Proof of (6). Choose a presentation of $M$ with matrix $A$ as in Lemma 15.8.2. Let $J' \subset J$ be a subset of cardinality $n$. It suffices to show that $f = \det (a_{ij})_{i = 1, \ldots , n, j \in J'}$ annihilates $M$. This is clear because the cokernel of

\[ R^{\oplus n} \xrightarrow {A' = (a_{ij})_{i = 1, \ldots , n, j \in J'}} R^{\oplus n} \to M \to 0 \]

is killed by $f$ as there is a matrix $B$ with $A' B = f1_{n \times n}$.

Proof of (7). Choose a presentation of $M$ with matrix $A$ as in Lemma 15.8.2. By Nakayama's lemma (Algebra, Lemma 10.19.1) we have

\[ M_\mathfrak p \not= 0 \Leftrightarrow M \otimes _ R \kappa (\mathfrak p) \not= 0 \Leftrightarrow \text{rank}(\text{image }A\text{ in }\kappa (\mathfrak p)) < n \]
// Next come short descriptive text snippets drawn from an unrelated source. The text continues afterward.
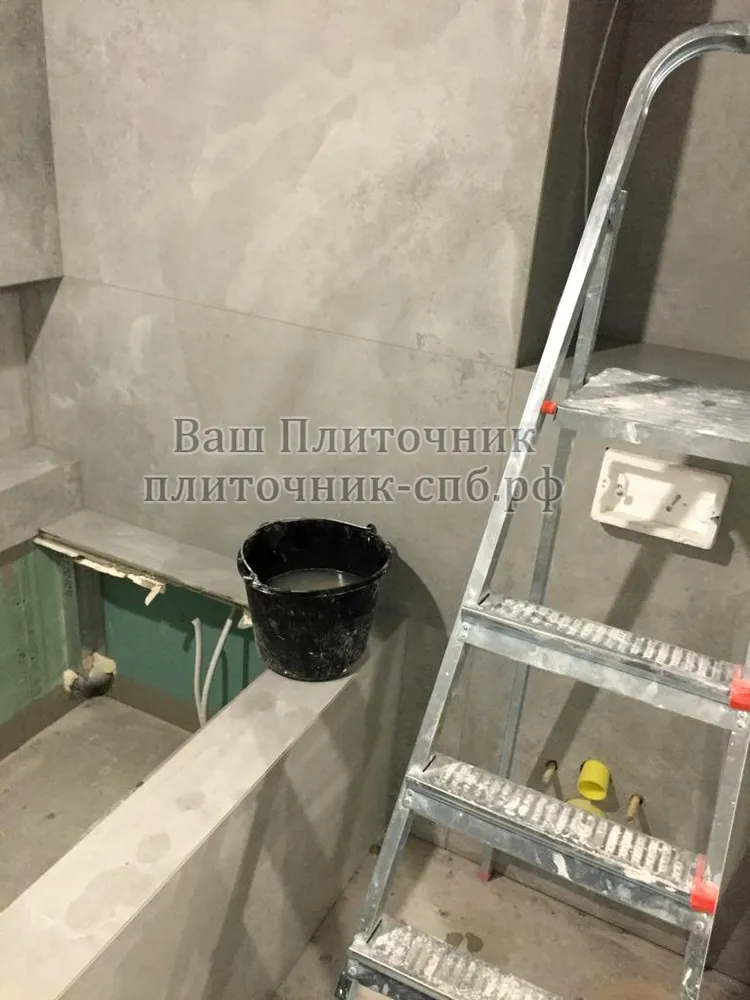 Укладка широкоформатного керамогранита на стены ванной комнаты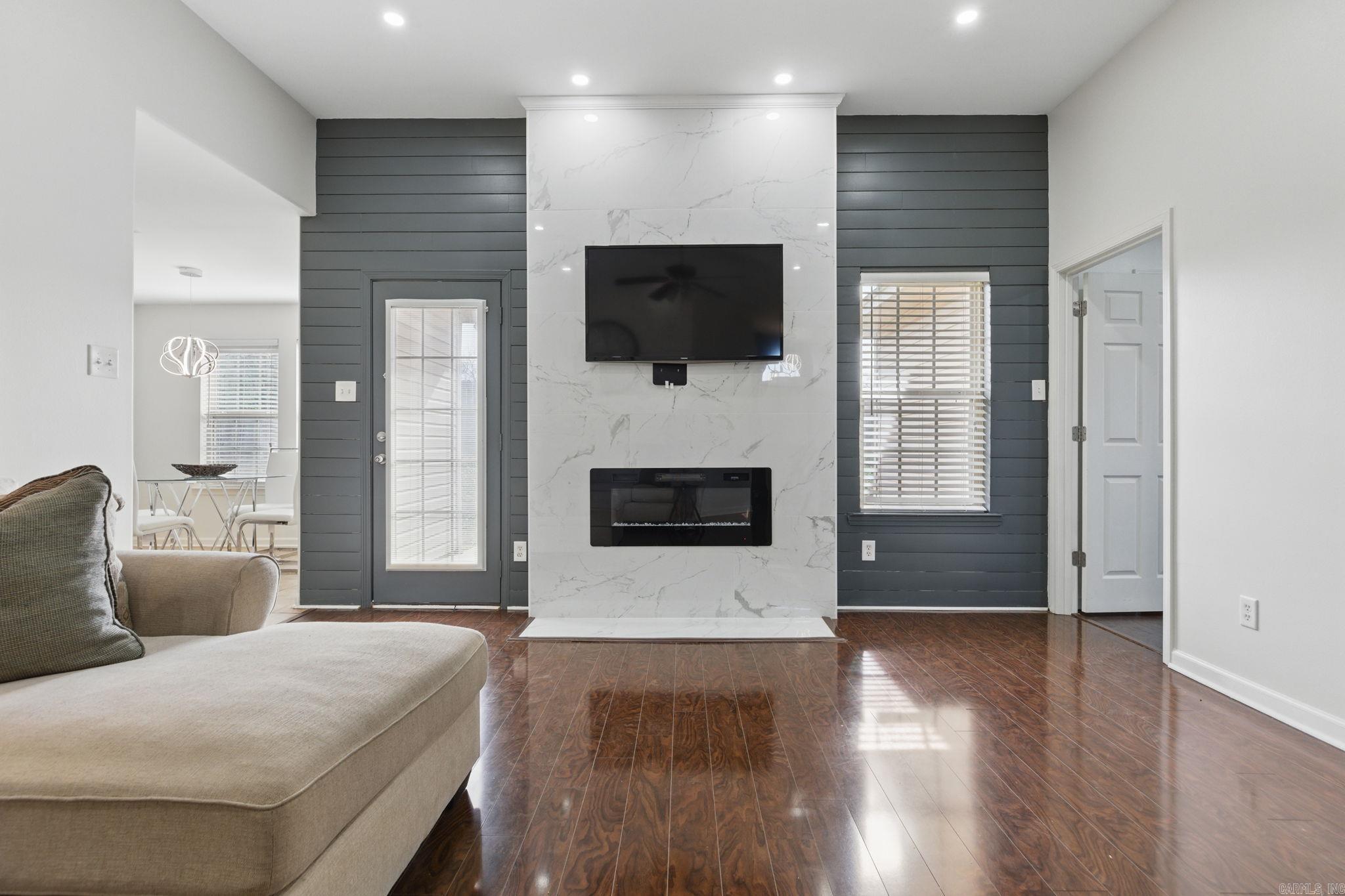 3988 Mountain Crest Circle
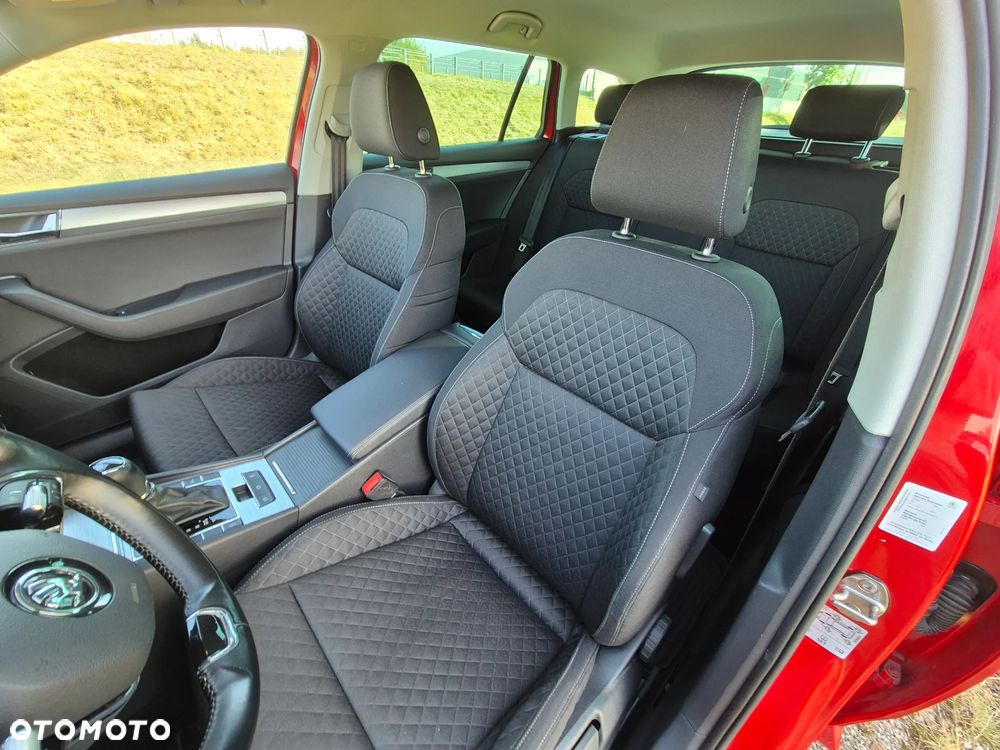 Skoda Superb Combi 2.0 TDI DSG Ambition - 25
Clearly $\text{Fit}_0(M)$ exactly cuts out the set of primes with this property.
$\square$

Example 15.8.5. Let $R$ be a ring. The Fitting ideals of the finite free module $M = R^{\oplus n}$ are $\text{Fit}_ k(M) = 0$ for $k < n$ and $\text{Fit}_ k(M) = R$ for $k \geq n$.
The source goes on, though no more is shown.